The invention relates to a method for provision of a metal strip with a protection for transportation, wherein the metal strip, in a Step i), is coated with a plastic, and in a Step ii), is wound up in multiple layers, wherein in Step i), the plastic is applied to the metal strip in liquid or paste form, and solidified.

Furthermore, the invention relates to a metal strip.

Metal strips are produced with very high surface quality for specific purposes of use, and are ground, for example, or actually polished to a high shine. Such metal strips are used for the production of panel-shaped or film-type materials, for example, in particular for films for photography, LCD screens or, alternatively, for artificial stone (“Engineered Stone”). In this regard, a liquid or paste material is applied to a driven/moving belt, and the at least partially solidified material is lifted off from it. The surface quality of the product produced using such a metal strip is directly dependent on the surface quality of the metal strip.

The required surface quality of the metal strip can generally be achieved only within the scope of production of the factory type, thereby resulting in the requirement that the finished metal strip must be transported to the later place of use as free of damage as possible. For this purpose, the metal strip according to the state of the art is covered with a self-adhesive plastic film that protects the metal strip against scratches, and, to a certain degree, also against the penetration of sharp objects, on its transportation path. At the place of use, this plastic film is pulled off again.

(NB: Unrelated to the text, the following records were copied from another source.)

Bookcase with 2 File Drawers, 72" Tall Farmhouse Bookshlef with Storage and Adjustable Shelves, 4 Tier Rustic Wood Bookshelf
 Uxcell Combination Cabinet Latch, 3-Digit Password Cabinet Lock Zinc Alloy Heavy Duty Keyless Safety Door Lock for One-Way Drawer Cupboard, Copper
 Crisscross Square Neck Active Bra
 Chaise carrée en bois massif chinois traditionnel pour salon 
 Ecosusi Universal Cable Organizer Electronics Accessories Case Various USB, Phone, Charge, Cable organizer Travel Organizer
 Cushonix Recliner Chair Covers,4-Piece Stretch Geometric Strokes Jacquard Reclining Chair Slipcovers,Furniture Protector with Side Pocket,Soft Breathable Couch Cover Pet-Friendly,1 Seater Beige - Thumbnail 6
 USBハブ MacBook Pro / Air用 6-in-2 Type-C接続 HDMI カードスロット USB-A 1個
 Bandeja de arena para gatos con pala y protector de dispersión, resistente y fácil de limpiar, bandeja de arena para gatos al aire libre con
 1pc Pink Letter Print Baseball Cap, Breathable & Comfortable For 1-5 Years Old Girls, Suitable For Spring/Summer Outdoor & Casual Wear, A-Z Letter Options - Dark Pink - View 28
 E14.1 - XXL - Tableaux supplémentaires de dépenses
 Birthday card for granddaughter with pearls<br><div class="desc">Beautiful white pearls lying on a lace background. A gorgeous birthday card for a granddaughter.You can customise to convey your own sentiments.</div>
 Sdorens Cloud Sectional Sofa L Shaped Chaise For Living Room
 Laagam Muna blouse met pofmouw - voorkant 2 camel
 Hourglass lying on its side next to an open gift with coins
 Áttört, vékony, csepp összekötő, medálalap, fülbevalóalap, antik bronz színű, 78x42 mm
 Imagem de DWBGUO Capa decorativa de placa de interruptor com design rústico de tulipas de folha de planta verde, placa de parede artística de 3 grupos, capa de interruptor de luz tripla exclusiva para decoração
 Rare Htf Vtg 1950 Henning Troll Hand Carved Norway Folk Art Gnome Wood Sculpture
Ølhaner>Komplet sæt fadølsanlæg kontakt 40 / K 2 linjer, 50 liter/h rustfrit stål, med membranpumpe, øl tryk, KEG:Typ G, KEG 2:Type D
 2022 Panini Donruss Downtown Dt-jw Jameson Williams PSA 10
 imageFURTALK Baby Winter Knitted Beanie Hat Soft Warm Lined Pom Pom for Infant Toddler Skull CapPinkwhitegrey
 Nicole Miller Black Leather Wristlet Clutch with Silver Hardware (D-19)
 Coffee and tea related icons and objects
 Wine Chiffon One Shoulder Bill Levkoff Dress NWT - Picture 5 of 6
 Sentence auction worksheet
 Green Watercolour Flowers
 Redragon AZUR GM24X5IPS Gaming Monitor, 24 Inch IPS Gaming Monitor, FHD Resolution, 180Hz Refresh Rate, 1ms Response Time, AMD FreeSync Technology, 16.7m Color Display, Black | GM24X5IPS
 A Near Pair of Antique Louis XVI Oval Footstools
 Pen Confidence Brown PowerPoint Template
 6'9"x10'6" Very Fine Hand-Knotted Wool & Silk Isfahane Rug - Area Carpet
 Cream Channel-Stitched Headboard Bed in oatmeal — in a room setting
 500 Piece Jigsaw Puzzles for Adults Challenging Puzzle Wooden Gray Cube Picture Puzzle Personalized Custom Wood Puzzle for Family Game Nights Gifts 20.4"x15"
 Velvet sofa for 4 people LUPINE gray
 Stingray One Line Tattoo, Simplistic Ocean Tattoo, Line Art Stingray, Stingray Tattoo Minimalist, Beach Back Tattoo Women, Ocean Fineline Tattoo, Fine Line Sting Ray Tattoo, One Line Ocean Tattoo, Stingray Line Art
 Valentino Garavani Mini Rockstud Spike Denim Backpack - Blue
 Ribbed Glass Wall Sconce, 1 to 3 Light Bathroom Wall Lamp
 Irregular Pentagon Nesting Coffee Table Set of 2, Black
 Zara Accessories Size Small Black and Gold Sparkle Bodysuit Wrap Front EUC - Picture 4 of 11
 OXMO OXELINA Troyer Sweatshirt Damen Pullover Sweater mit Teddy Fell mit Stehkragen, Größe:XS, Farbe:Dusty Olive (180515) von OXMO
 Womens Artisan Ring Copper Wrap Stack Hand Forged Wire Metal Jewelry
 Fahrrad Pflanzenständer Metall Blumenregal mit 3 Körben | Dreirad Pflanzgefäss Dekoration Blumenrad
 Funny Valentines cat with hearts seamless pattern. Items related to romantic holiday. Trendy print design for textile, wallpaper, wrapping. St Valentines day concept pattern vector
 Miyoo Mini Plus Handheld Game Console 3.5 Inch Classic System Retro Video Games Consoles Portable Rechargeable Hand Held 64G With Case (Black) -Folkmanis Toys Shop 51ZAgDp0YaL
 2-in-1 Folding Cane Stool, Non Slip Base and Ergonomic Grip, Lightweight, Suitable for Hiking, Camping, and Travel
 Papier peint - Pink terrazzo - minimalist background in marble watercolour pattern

A disadvantage of this method is that an adhesive film generally cannot be pulled off without residues. Even if adhesive residues are no longer visible on the metal strip with the naked eye, they can nevertheless be detected on the metal surface. Since even these minimal contaminants disrupt the subsequent production process in which the metal strip is used, (e.g. production of panel-shaped or film-type materials), the metal strip must be cleaned, which requires effort. Due to the high surface quality, this is only possible using special means, since even wiping with a soft cloth or “rubbing off” adhesive residues can already impair the surface quality of the metal strip. The use of solvents is generally eliminated, since these generally also cause undesirable residues on the metal strip.

For this reason, it has become known from AT 514126 A1, to overcome the disadvantages stated above, to apply a coating of silicone rubber or a coating based on water as the solvent, in the form of a plastic film, for protection of the surface of the metal strip, directly to the strip.

However, it has turned out that due to increased quality demands regarding highly polished surfaces and the products produced using them, even the slightest residues are considered to be disruptive. However, in the case of water-based coatings or in the case of silicone rubber, slight residues remaining on the surface of the metal strip can nevertheless occur when the plastic film is pulled off.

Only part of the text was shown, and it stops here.